▶ [Required work]:
Where a line of the material contains the string "ciego", copy that line.

▶ [Exercise material]:
^^^^

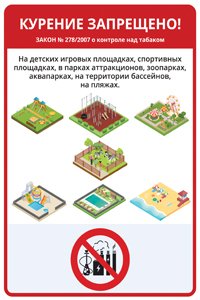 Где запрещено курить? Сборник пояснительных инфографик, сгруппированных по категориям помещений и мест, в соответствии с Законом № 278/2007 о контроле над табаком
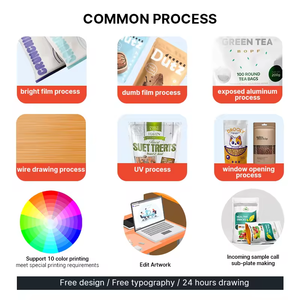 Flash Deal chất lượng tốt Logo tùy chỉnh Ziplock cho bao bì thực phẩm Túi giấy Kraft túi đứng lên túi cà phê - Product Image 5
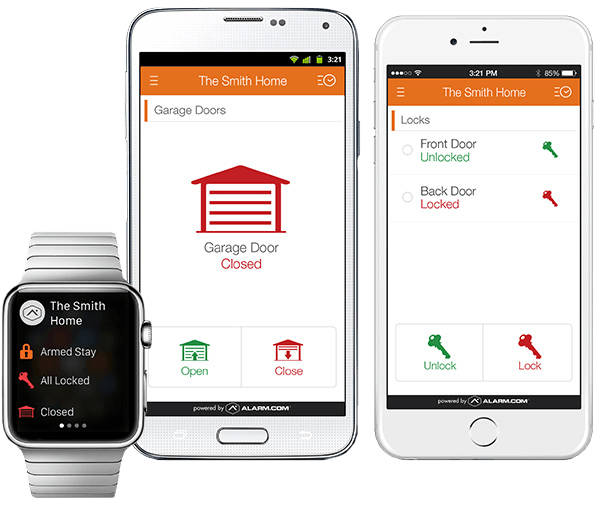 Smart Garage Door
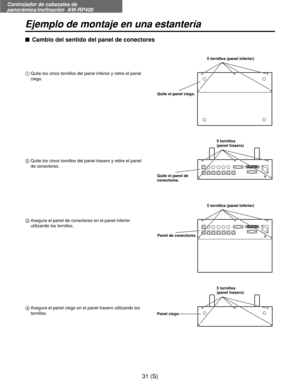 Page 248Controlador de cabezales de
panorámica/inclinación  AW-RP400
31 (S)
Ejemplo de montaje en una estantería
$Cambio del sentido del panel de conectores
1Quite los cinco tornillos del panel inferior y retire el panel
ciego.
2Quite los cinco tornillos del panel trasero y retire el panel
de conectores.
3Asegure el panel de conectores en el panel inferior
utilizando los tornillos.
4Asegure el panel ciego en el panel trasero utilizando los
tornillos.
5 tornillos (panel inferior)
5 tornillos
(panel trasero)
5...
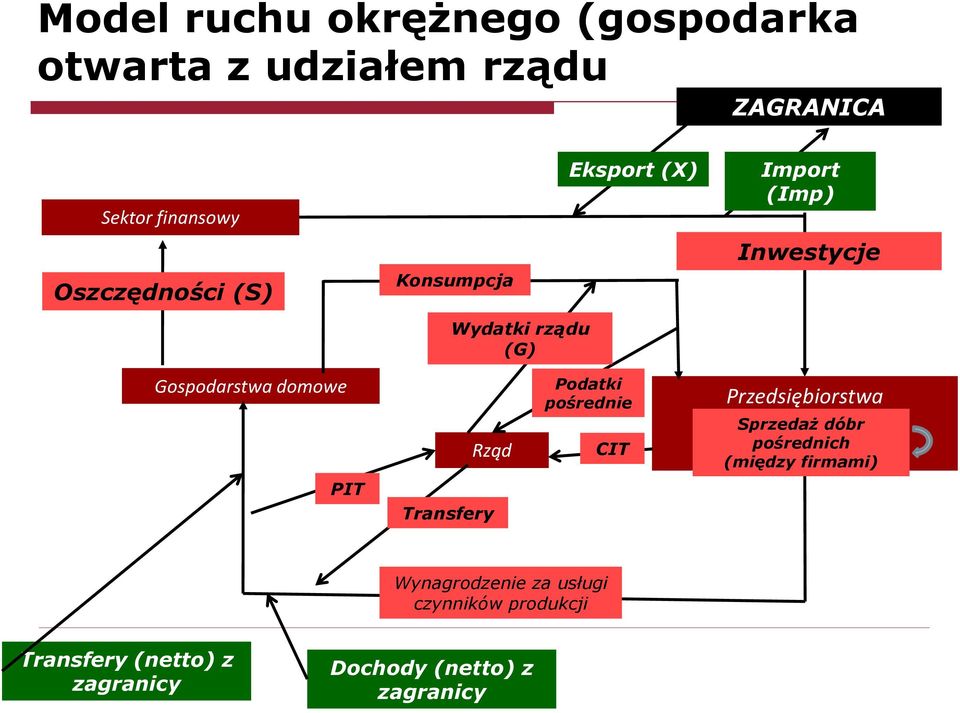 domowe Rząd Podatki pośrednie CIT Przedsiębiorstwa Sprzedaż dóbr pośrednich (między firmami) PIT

^^^^

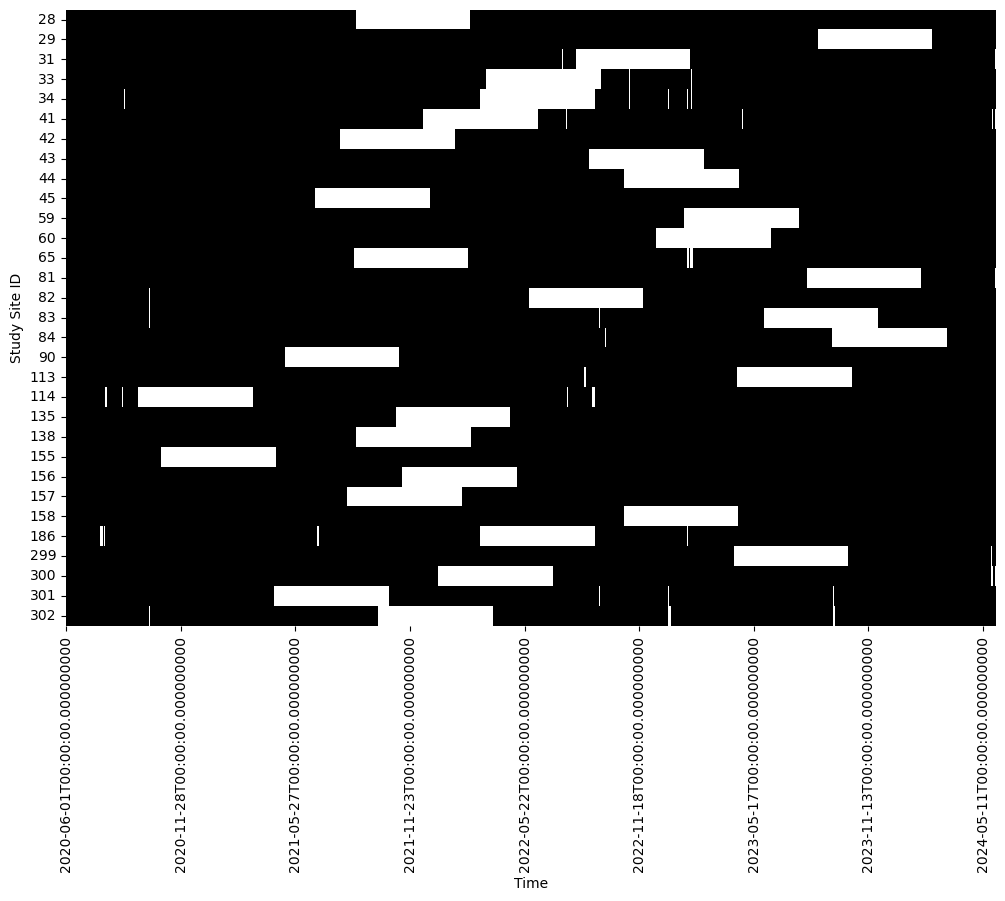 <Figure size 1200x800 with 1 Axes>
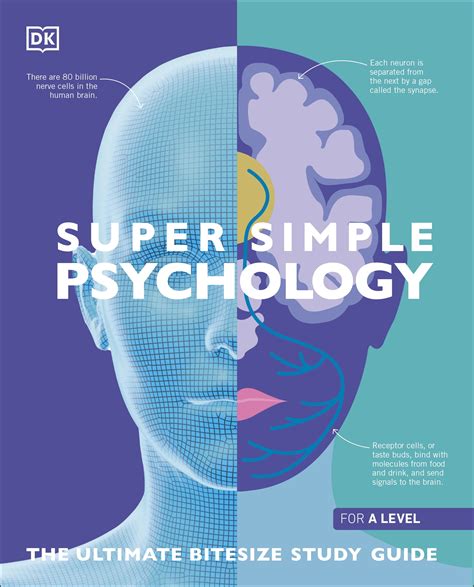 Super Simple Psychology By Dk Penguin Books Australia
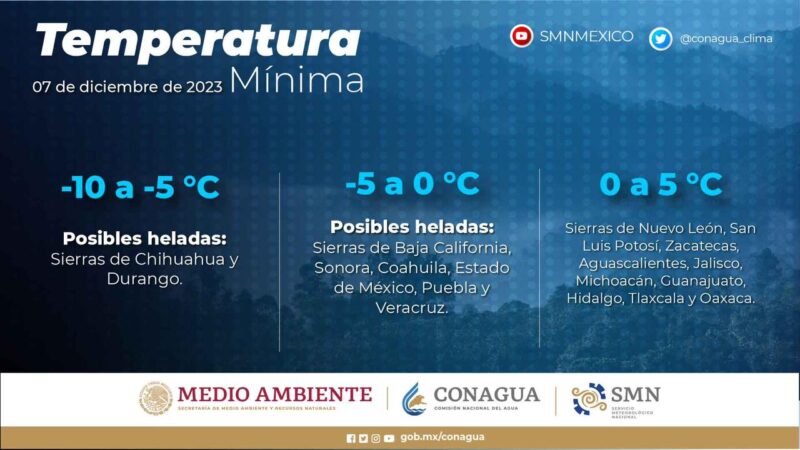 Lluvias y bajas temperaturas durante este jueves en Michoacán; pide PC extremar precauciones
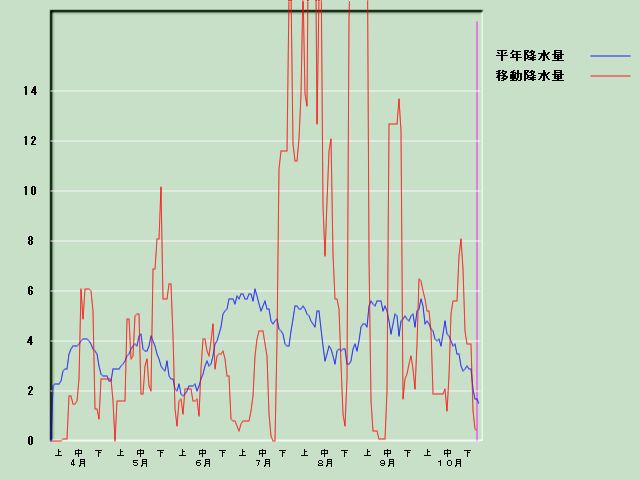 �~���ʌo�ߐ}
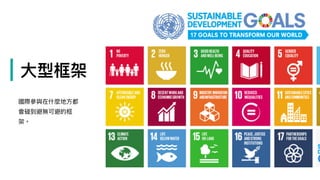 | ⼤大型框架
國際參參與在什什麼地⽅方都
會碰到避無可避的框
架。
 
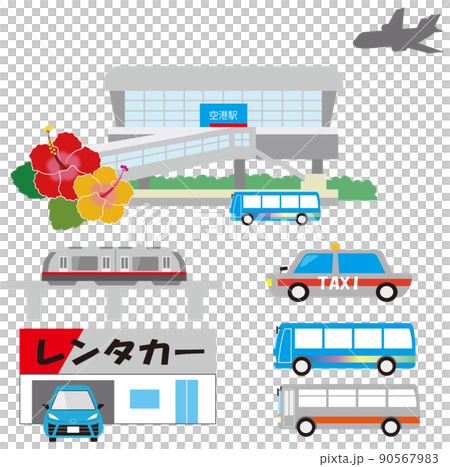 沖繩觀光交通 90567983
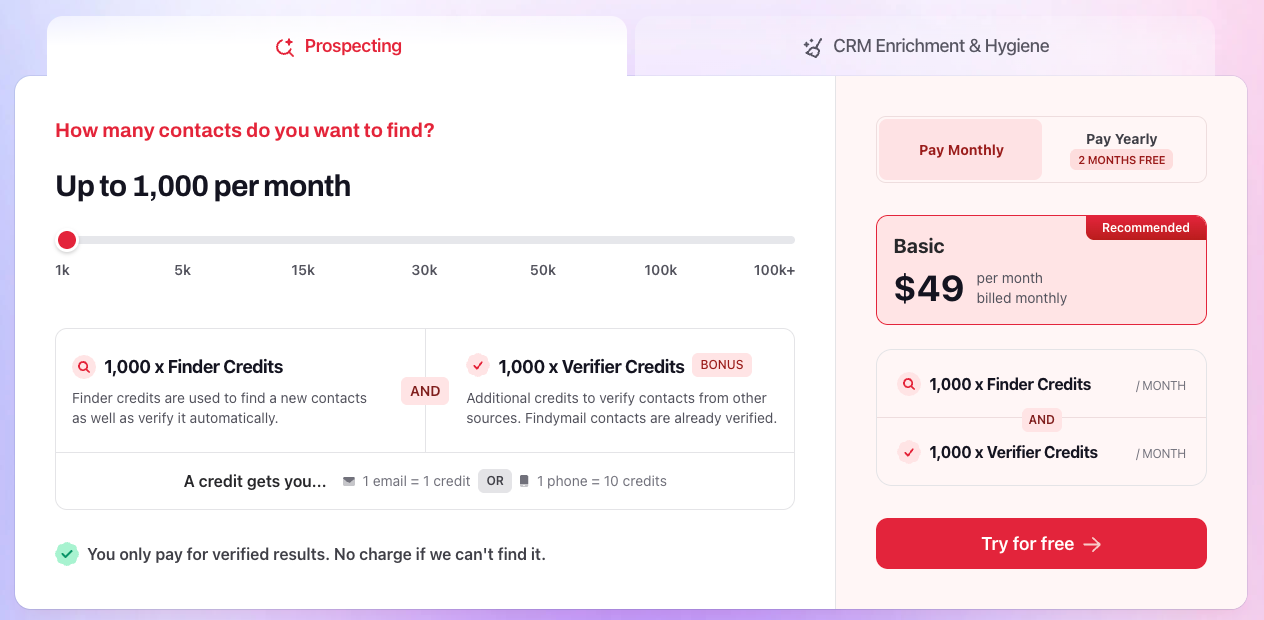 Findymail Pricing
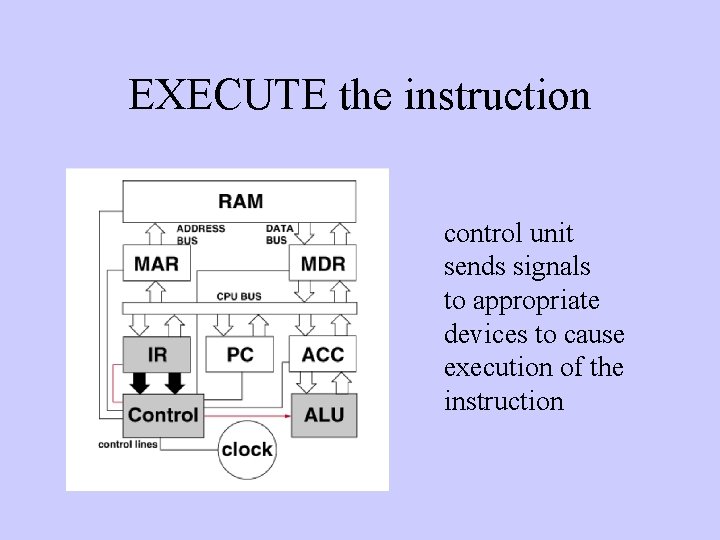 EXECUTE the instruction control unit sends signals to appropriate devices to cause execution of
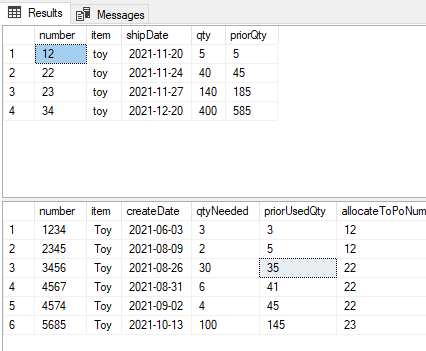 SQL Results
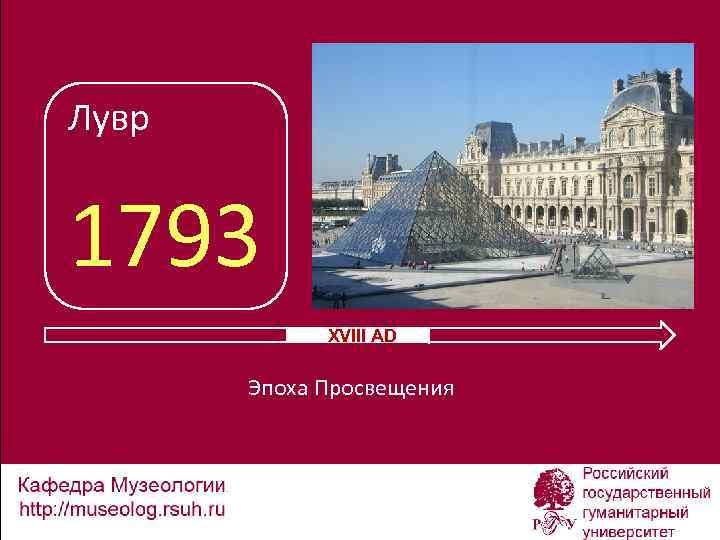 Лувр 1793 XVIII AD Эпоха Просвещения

^^^^

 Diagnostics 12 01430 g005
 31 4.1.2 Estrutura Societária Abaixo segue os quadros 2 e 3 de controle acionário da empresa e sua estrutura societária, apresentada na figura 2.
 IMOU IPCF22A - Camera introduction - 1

^^^^

▶ [Solution]:
ciego.
4Asegure el panel ciego en el panel trasero utilizando los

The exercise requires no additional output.